'Not much for Unite members' in speech
Unite members unlikely to be impressed by Labour leader Keir Starmer’s speech
Unite expressed disappointment in Labour leader Sir Keir Starmer’s speech on Wednesday (September 29), his first in-person address to Labour Party Conference.
Starmer outlined the cost of living crisis early on in the speech, noting, “A tank of fuel already costs £10 more than it did at the start of the year. Gas and electricity bills up. Gaps on the supermarket shelves,” and adding that “we have a fuel crisis, a pay crisis, a goods crisis and a cost of living crisis – all at the same time”.
But Unite highlighted that Starmer failed to specifically address what must be done urgently to alleviate this growing crisis.
Explicit policies in Starmer’s speech included a pledge that a future Labour government would ensure everyone has access to mental health services within one month, with spending on mental health under Labour never allowed to fall. Every school would have specialist mental health support, with every community having access to a mental health hub.
Starmer also promised an overhaul of the state education system, ensuring every child will have the opportunity to play an instrument or play in competitive sport. Th school curriculum under a Labour government will place a strong focus on preparing students for the future of work, with an emphasis on digital skills and the reinstating of compulsory two weeks’ work experience.
On climate change, Starmer said, “Action is needed. Not in the future, but now. If we delay action by a decade the costs of climate transition will double.
“This urgency is why Labour will bring forward a Green New Deal,” he added, noting that “our Green New Deal will include Climate Investment Pledge to put us back on track to cut the substantial majority of emissions this decade”.

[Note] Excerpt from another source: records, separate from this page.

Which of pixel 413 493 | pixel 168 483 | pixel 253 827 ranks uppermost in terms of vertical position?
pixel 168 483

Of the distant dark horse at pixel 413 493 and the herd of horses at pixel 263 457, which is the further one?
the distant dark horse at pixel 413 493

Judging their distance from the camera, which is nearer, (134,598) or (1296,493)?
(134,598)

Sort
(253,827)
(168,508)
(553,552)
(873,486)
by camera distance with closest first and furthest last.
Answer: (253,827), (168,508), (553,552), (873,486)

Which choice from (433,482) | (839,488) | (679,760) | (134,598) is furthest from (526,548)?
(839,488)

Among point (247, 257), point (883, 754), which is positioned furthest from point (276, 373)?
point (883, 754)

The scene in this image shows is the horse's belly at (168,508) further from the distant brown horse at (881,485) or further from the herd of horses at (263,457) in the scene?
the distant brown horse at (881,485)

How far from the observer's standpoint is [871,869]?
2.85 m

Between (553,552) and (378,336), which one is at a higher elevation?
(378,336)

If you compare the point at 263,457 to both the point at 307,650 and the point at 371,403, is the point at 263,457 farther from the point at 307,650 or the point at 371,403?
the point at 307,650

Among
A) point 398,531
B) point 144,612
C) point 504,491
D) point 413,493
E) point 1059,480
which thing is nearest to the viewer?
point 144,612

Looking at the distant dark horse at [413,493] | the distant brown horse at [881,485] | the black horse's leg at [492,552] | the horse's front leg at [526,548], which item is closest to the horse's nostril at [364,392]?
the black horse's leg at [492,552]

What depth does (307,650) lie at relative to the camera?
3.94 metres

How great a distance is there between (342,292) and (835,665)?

He pledged that over the next decade, Labour would retrofit every home to ensure all homes are “warm, well-insulated and cost less to heat” which would in turn create thousands of jobs. Labour will moreover place £28bn in capital investment to support the country’s green transition.

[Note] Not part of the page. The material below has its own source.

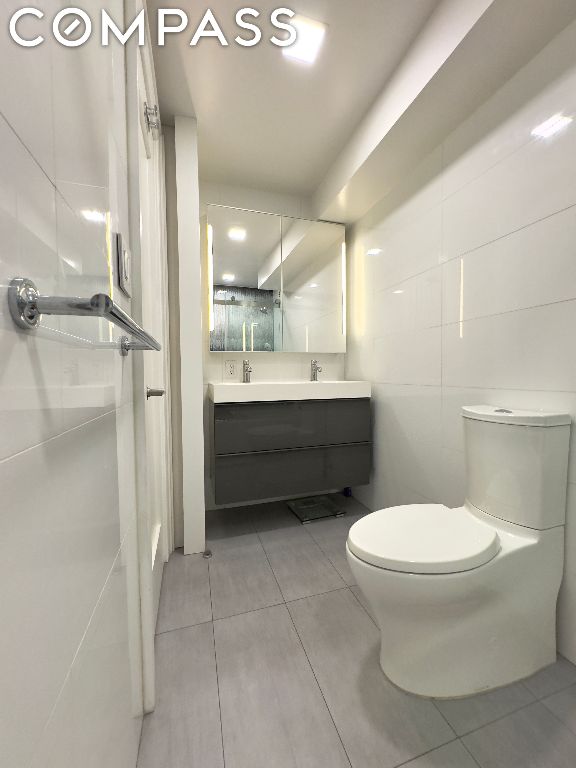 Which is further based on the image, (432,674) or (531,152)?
(531,152)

Starmer also promised that a future Labour government would introduce a Clean Air Act and that “everything we do in government will have to meet a ‘net zero’ test to ensure that the prosperity we enjoy does not come at the cost of the climate.”

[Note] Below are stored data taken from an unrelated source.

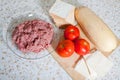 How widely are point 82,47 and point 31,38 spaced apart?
0.19 metres

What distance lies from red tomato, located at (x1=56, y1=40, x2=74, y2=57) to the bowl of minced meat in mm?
50

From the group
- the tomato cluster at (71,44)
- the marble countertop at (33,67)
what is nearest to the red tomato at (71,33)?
the tomato cluster at (71,44)

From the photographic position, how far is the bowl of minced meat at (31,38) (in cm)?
81

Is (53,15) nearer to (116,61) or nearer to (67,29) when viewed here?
(67,29)

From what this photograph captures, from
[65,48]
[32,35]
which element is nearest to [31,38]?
[32,35]

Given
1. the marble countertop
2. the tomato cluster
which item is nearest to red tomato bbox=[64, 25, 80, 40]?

The Labour leader acknowledged how low-paid, insecure work has blighted modern Britain, noting that those who are among the lowest paid “were the people who kept the show on the road during the pandemic and their reward is continued low pay and job insecurity”.
“The millennial generation, clustered in low-paying sectors will be the first generation to have lower lifetime earnings than the one which went before,” he added, but failed to address explicitly what Labour would do to support people in such sectors.
Starmer drew heavily from his family background, as he explained how his mother, a nurse, and his father, a toolmaker, helped him to understand the “dignity of work” and the “nobility of care”. He said that “work, care, equality and security” would be the core ideals that inform his values.
Commenting after Starmer’s speech, Unite’s national political lead Rob MacGregor said the union was disappointed that the Labour leader failed to address the most pressing concerns of its members and working people in general.
“If you’re a Unite member worried about the cost of living crisis, empty petrol pumps, abhorrent ‘fire and rehire’ in our workplaces and the end of furlough just hours away, there wasn’t much for you in this speech,” MacGregor said.
“We needed to hear a Labour leader who is as angry as we are about the harm being done to our workers, and as determined as Unite to stand up against abusive employers,” he added. “We’re clearly not there yet.”